About a minute ago I was thinking about the word itself and I may be onto to something.

'Fluence' is simply some derivative of the latin for flow, right? I'm looking up the root right now.

Apparently, a webpage from some secondary school in Washington state will back me up.

So then influence as a verb is the act of flowing into something. To influence someone, you flow into them. And to be influenced by someone, you let them flow into you. And to succumb to influences, all one must do is go with the flow.

What brought this all up is that I've been wondering what role I'm playing or I'm even trying to play in the lives of the people I know. The whole bit's kinda frustrating, really. Is my desire to alter the trajectories of friends and fam, supposedly for the better, really just another form of the chronic attention-seeking that I've always suffered from? If it is, what do I do about it? Seriously, it's a burning moral question, is it possible for me to be visible and humble at the same time? It seems at first that there's a simple answer, but then you think about what it would look like when you're just living life, shootin' the breeze with some people in a random entryway in a random building and you come up with the best damn joke in the world. On one hand, you know that your motives for telling the joke might not be up to code, but on the other, if you hold it in, you're depriving your fellow participants of gut-wrenching laughter, literally stealing that amazing moment from them.

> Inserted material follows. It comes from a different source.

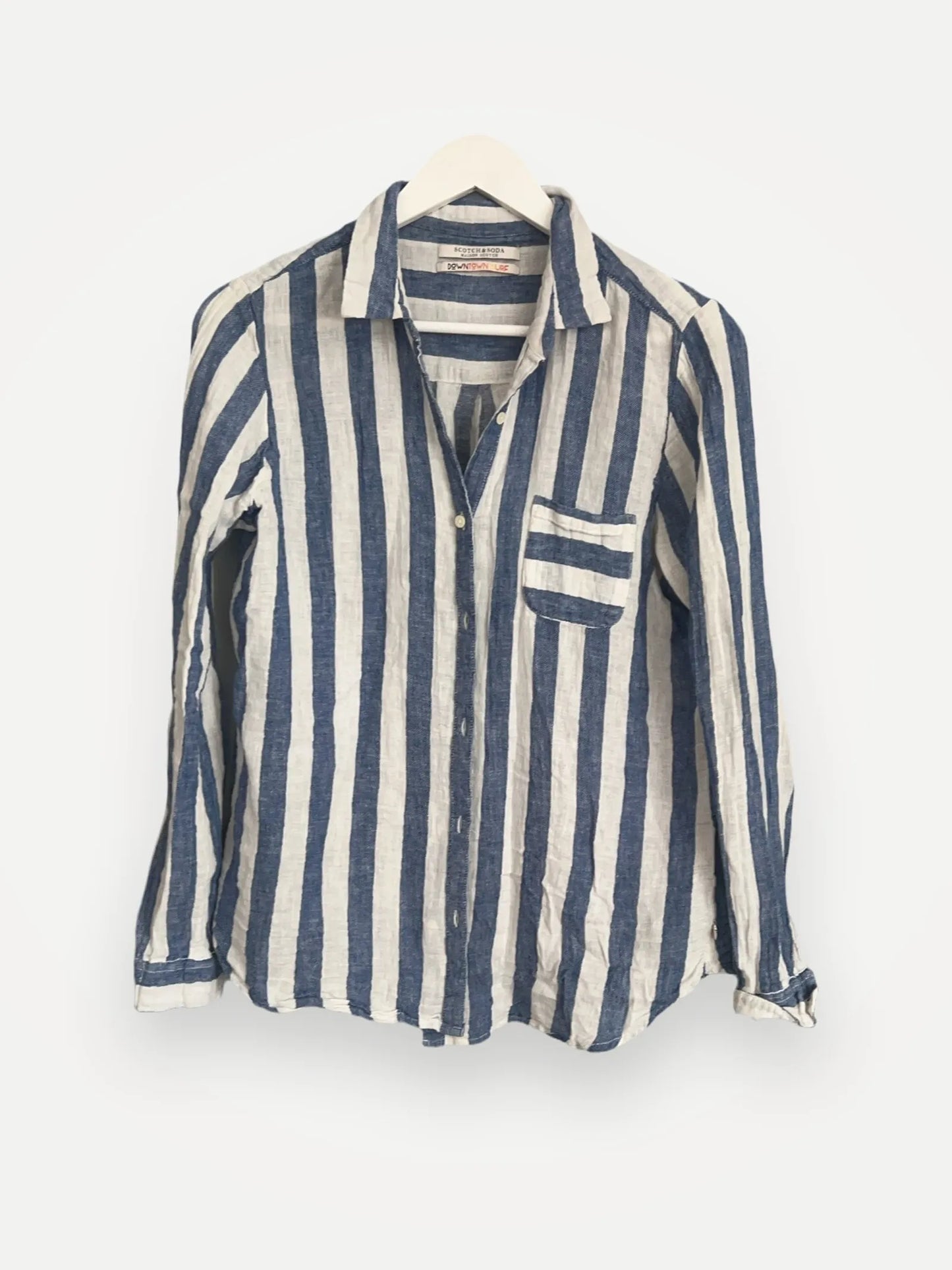 Scotch & Soda-linneskjorta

Maybe for me, my problem isn't the wanting to be seen, my problem is the terms and conditions that I attach. Because sometimes, I really don't want to be seen. Last week was an academic pressure-cooker for me. It might be the thing I hate most about school: the constant realization that any person, pick any person, from my circle of friends or acquaintances is great and all, but they sure as hell won't help me rock my stat theory midterm. That's up to me and the empty seats on either side of me as I study in the SPH student commons, conveniently sitting two stories underground where cell-phone reception is completely implausible.

So here's the hypothesis: if people were more important to me, I would be more important to them. I'm not saying I should give up on my master's degree, that's all good and everything. But it's unreasonable to ask for a larger share of the hearts of those around you if you plan to vacate whenever is most convenient for you. To bring this full circle, influence is a giving of oneself, in some form or another. And constant influence, in the form that I want anyhow, means constant self-giving.

And the rest is best left undisturbed for now, I think.

1 comment:

Victoria said...

dude...you actually study in the SPHere????

I think I made it in there twice after it opened!